English brewer (1760–1827)

Michael Thomas Bass (23 July 1760 - 9 March 1827) was a brewer of Burton-on-Trent, England, who considerably developed the Bass brewing company.

==Biography==
Bass was the son of William Bass, a carrier from Leicestershire, who founded the brewery in 1777. After his father's death in 1787, Michael ran the brewery with his brother William until he took sole control in 1795. He continued to develop the Baltic trade with Russia and North Germany, exporting via the River Trent and Hull.

He extended the brewery's operations, laying the foundations for its future success. He entered into partnership with John Ratcliff and in 1799 he built a second brewery at Burton.
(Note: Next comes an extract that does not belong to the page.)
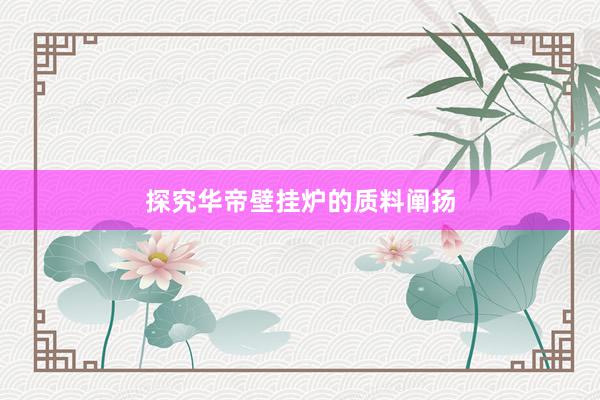 探究华帝壁挂炉的质料阐扬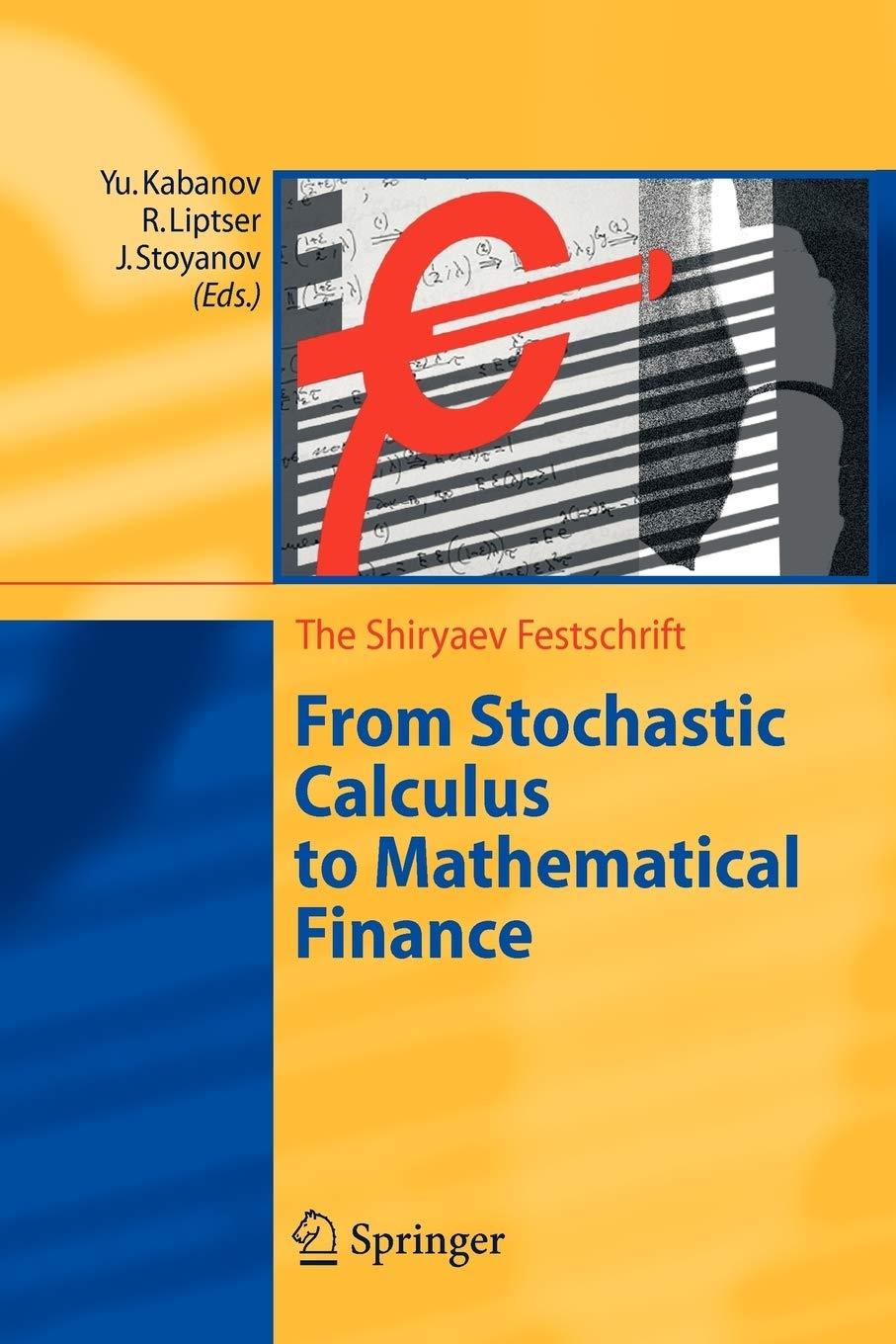 From Stochastic Calculus To Mathematical Finance The Shiryaev Festschrift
Following the Napoleonic blockade, Burton brewers needed another market, and Bass was one of the breweries to start brewing and exporting India Pale Ale (IPA).

Bass married Sarah Hoskins, the daughter of Abraham Hoskins of Burton and Newton Solney. Sarah's brother, Abraham, built Bladon Castle, a folly which aroused bad feeling locally. Sarah's great-grandfather George Hayne was responsible for establishing the Trent Navigation as an active concern.

Bass died at the age of 66. His eldest son, Michael Thomas Bass continued to manage the brewery company and was MP for Derby for over 35 years. His third son Abraham Bass was an influential cricketer, known as the 'father of Midlands cricket'.